A member of the African-American Parents Association, a Toledo Public Schools watchdog group, last night reiterated her call that a long-standing program that evaluates new teachers be abolished.
“It is taking up money that could very well be spent elsewhere,” said Twila Page, secretary of the group and a frequent school district critic. “It has no redeeming value, and it can be terminated at any time.”
The Urban Coalition, a network of district watchdog groups that includes the African-American Parents Association, called for eliminating the program in its campaigns against the district’s tax levies last year. Ms. Page addressed the Toledo Board of Education at its meeting last night.
The intern program has received national acclaim but was criticized locally.
Gloria Sturdivant, a teacher not hired after participating in the plan, sued the district, seeking another hearing on her employment. In reversing a lower-court ruling, Ohio’s 6th District Court of Appeals ruled in June she should have a court hearing. The hearing is scheduled for November.

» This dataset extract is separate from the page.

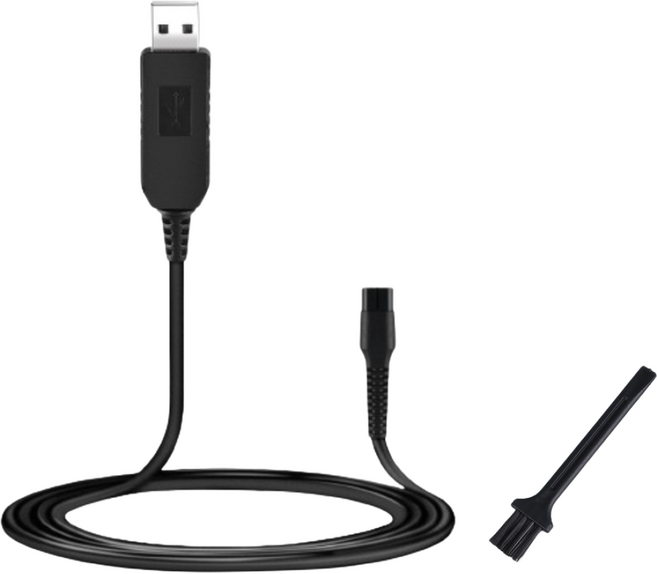 ClenZ 필립스 전기면도기 USB 충전 케이블 HQ8505 호환 15V 차량용 휴대용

Her husband, Tyrone Sturdivant, also asked that the program be terminated.
The program, dubbed The Toledo Plan, assigns an experienced teacher to new teachers in the district. After a number of classroom visits and evaluations, the veteran teacher makes a recommendation on whether the new teacher should be hired to the intern board of review, which is made up of five teachers and four administrators.
Ms. Page claims the program has a history of eliminating minority teachers.
David Welch, school board president, said that isn’t true. “My belief is that there is no racial bias with the termination of teachers.”
Superintendant Eugene Sanders said the program should not be ended. “We are looking at the pros and the cons,” he said. “There are some who think its time has passed. Personally, I think it has merit.”
An outside evaluation of the program is planned. It was not completed by the beginning of the school year, as the school board and administration had wanted.